New York state Attorney General Eliot Spitzer’s office recently found the Big Five record labels hadn’t been paying many of their artists and writers. This affected both star entertainers with numerous hit recordings “and obscure musicians who may have had only one recording,” said Spitzer. The labels were ordered to pay $50 million to musicians they’d had under contract.
And it seems one of the Big Five – Warner Bros – tried hard to screw elderly Sam Moore of ‘Soul Man’ and ‘Hold On! I’m Comin’ fame out of his pension. Now Moore is one of several music industry veterans suing Sony, Universal, BMG, Warner and EMI for failure to make or report royalties to their retirement funds.
In the meanwhile, the new California law also “holds down the cost of audits through means such as letting a single auditor work for several artists on the same label simultaneously,” says an Associated Press story here.
Before SB 1034, the right to audit which existed in the record industry was, “approaching the same level of abstraction as the right to vote did in the Deep South before the Civil Rights Act,” said AFTRA ( American Federation of Television and Radio Artists) president John Connolly told the California Legislature recently.
“Artist royalty rates are typically set around 12 percent to 16 percent of sales,” says the AP report. “But before any of the royalties reach an artist, they must usually cover promotion, production, packaging and other expenses.

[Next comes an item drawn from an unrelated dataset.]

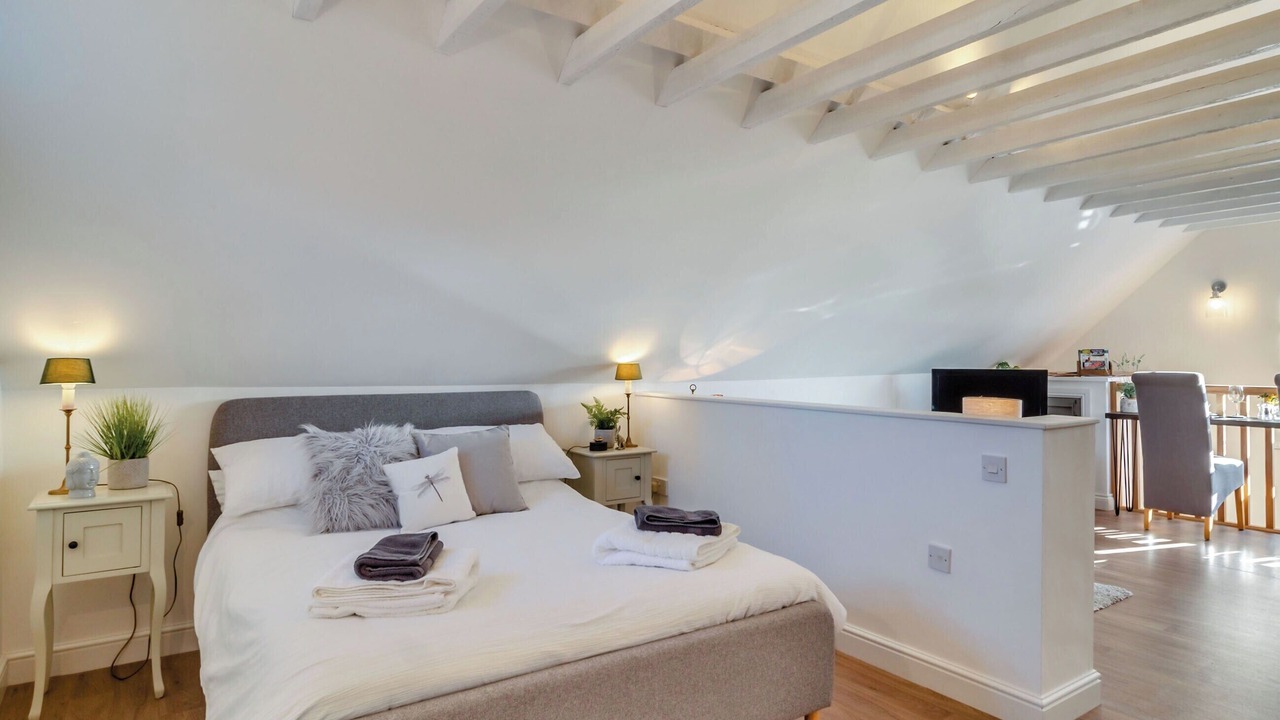 Photo of Others in Diss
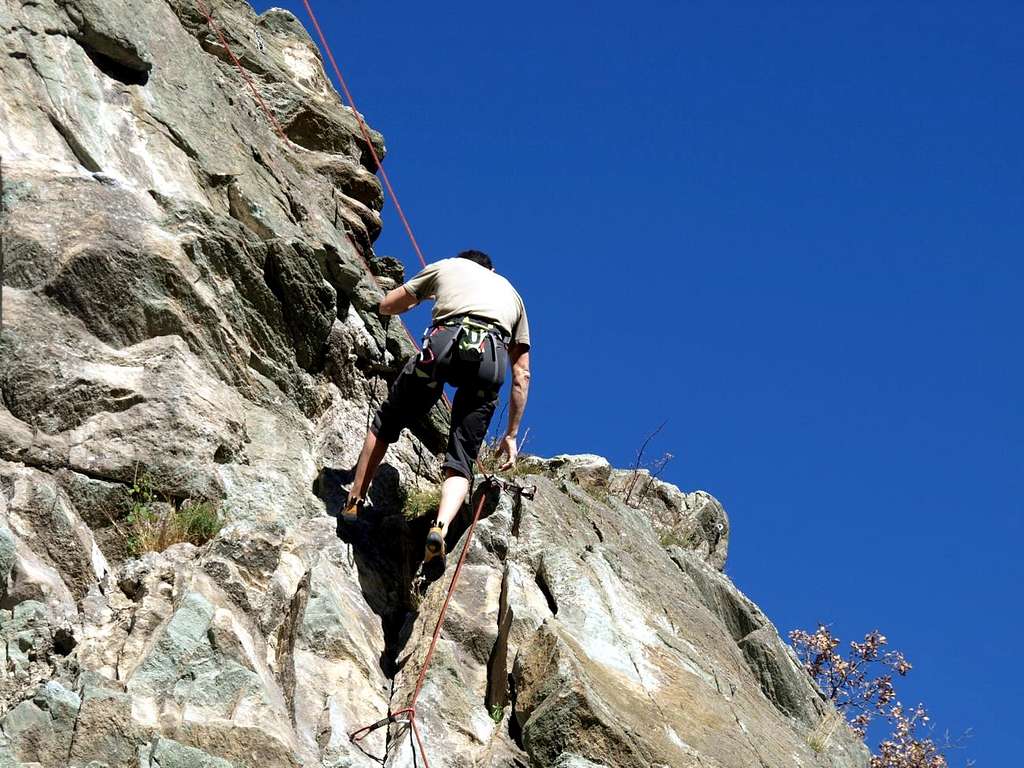 Death to Life / b Climbing on Vollein Necropolis 2015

In addition, the labels withhold large percentages to cover discounts they offer to retailers as well as reserves for any returned goods.
“Up to this point, artists have faced the choice between paying for expensive audits, possibly uncovering less money than the cost of the audit, or not conducting the audits and losing out on royalties.”
Well – that takes care of California.
How many other states are there?






July 17th, 2004 at 10:07 pm
It may not make much difference in the end. The industry was violating the contracts they had themselves written. Next step is to change them. Contracts could be rewritten to force new artists to give up almost any legal right – of course this would not affect current or past contracts.
Unfortunately artists are on the very bottom of the industry food chain – getting paid last, when and if any money is left over. “Creative accounting” as they call it, has for a long time insured that the “expenses” will in most case exceed what would have gone to the artist. It’s almost as if the artists should be grateful to the record companies for not making them pay out of pocket.